April 21, 1998|By Fred Rasmussen | Fred Rasmussen,SUN STAFF
Rear Adm. George William Bauernschmidt Sr., who kept supplies flowing to Allied forces in the Atlantic and Pacific during World War II, died Saturday in his sleep at Ginger Cove Health Care Center in Annapolis. He was 99.
The 1922 Naval Academy graduate commanded a submarine, served on board ships and taught at the academy during a military career that ended in 1955.
Admiral Bauernschmidt transferred to the Supply Corps in 1935 and, at the outbreak of World War II, was named assistant to the supply officer at the Philadelphia Navy Yard. In 1943, he was ordered to the port of Oran in North Africa.
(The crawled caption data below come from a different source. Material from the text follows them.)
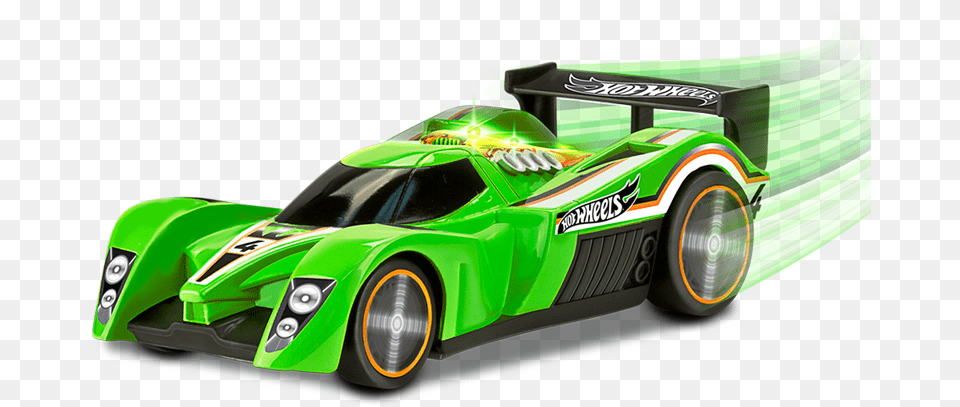 Green Racing Car, Transportation, Vehicle, Auto Racing, Formula One Png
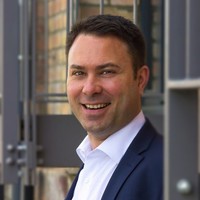Thomas Roeder Email & Phone Number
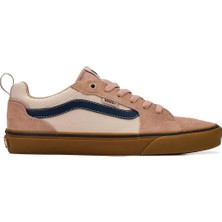 Vans Filmore Taba Erkek Sneaker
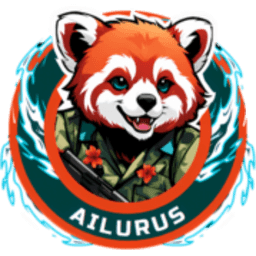 Ailurus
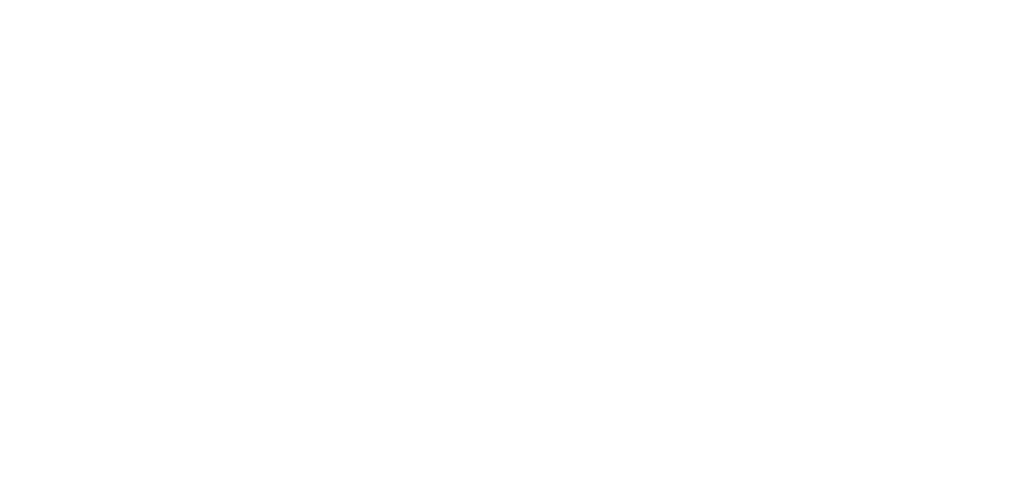 Repli logo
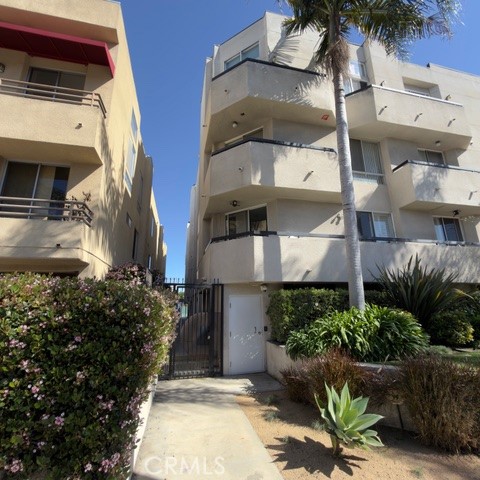 1240 S Corning 108 Property Photo 16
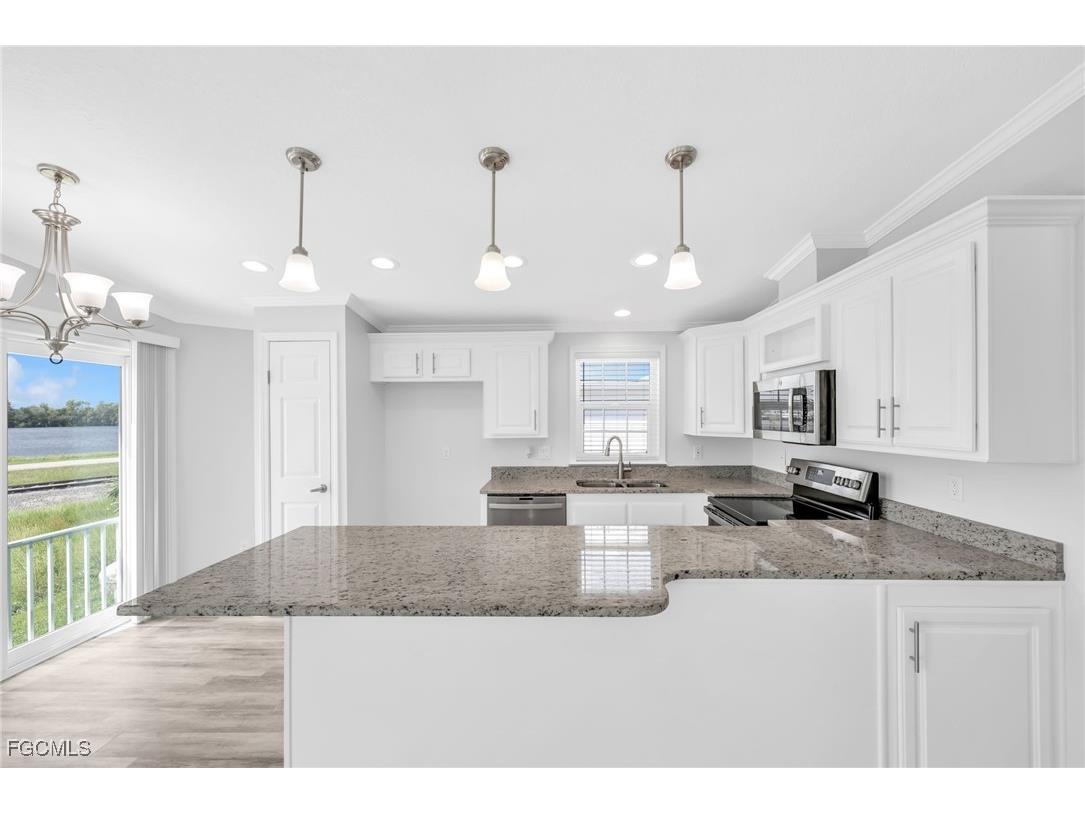 17142 Casselberry Lane Fort Myers FL 33967 2025013610 image9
He arrived at Oran in May with a staff of 250 men and nothing more than paper plans for the supply depot. A year later, the base, which supplied fuel oil, ammunition and other materiel to the Allies during the invasion of Sicily, grew to 400,000 square feet of covered space, 1 million square feet of open space and a staff of more than 1,000 men and 90 officers.
Admiral Bauernschmidt then was assigned to London to help plan the Normandy Invasion.
Landing on Omaha Beach several days after the June 6, 1944, invasion, his immediate task was to develop and maintain a supply line to the Allies. After establishing headquarters at Cherbourg, France, he returned to the Bureau of Supplies and Accounts in Washington.
In August 1945, he was sent to the Pacific and given command of the supply depot at Guam in the Central Pacific. The base was called the largest "filling station" or the "Pacific Supermarket."
After the war, Admiral Bauernschmidt was promoted to deputy chief of the Bureau of Supplies and Accounts and, in 1951, was named commander of the Naval Supply Center at Pearl Harbor. He was commanding the supply depot in Clearfield, Utah, when he retired in 1955.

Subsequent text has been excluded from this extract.